Staple foods remains a highly fragmented industry worldwide. The top players are losing market share as smaller brands innovate in plant-based, healthy alternatives, and private label improves in quality. Some leading companies will benefit from their existing portfolios due to shifts in eating occasions; however, they need to follow ongoing trends to retain or gain share. Growth for the leaders is currently coming mainly from expansion in emerging markets, as well as mergers and acquisitions.
Staple foods remains a highly fragmented market worldwide, and is becoming even more so. Top players are losing share to smaller brands that focus on sustainability and health trends, and to private label, which offers appealing prices in an era of high price sensitivity. The top players are deriving growth from market momentum, aided by pandemic stockpiling and (lasting) habits, mergers and acquisitions, and expansion in emerging markets.
Due to the pandemic-induced concern over improving health, consumers have actively sought out healthier staple foods. Introducing healthy variants of well-established existing item, or launching novel products, is a route to success, with opportunities in targeting children and the elderly population. The focus is on reduced salt, sugar, and fat content, with brands like Kellogg and Barilla putting this at the forefront of their new product development.
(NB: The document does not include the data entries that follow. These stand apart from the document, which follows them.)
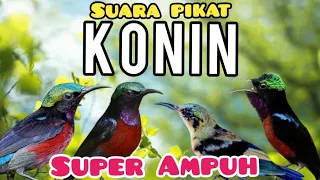 suara pikat burung kolibri ninja konin suara konin ribut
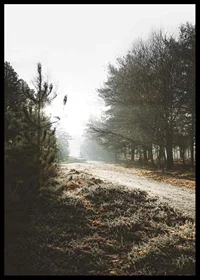 Gravel road through foggy forest with winter brown trees and frost-6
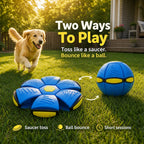 Transforming Pet Toy product image 5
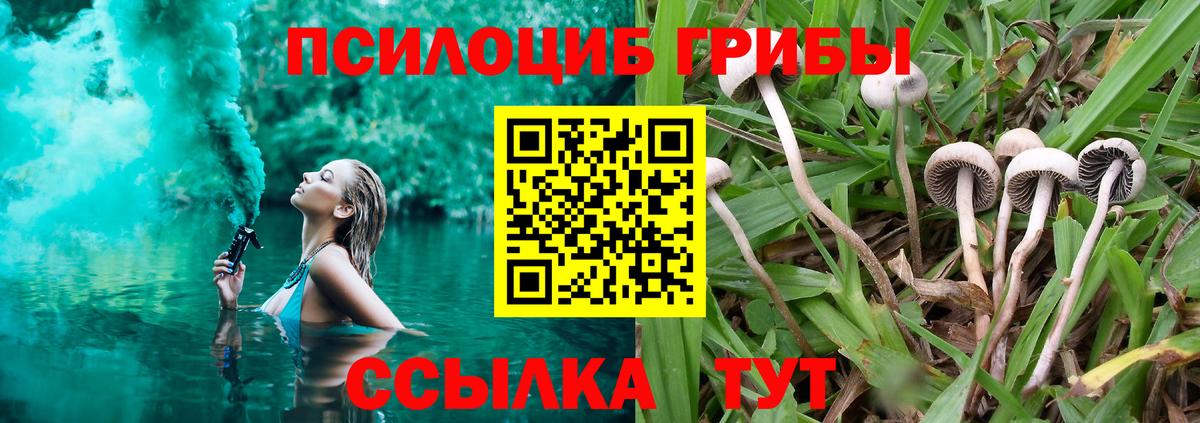 Псилоцибиновые грибы ЛСД Клин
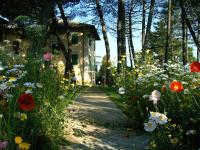 Ogród w obiekcie Villa La Fontana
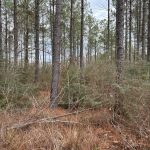 Webster Parish Timberland property for sale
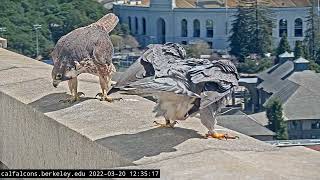 3-20-22 Grinnell Confronts Another Juvenile Female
Growth in the number of vegan, vegetarian and flexitarian consumers, increasing concern with the meat industry’s impact on the environment, and manufacturers’ need to set their products apart from those of competitors are creating a greater emphasis on plant-based alternatives. For many brands, this is an opportunity to battle stagnant or declining markets and to break into new product categories. Companies such as WH Group and Kraft Heinz recognise the potential here and are actively introducing plant-based products to their portfolios.
The COVID-19 pandemic increased demand for convenience, and brands are seeking ways to get closer to the consumer. The habit of shopping through the e-commerce channel, which many consumers acquired during the pandemic, is here to stay – especially in shelf stable foods. Investing in data, technologies and agile approaches to optimise business will help determine effective marketing strategies and reduce the risk of supply chain bottlenecks.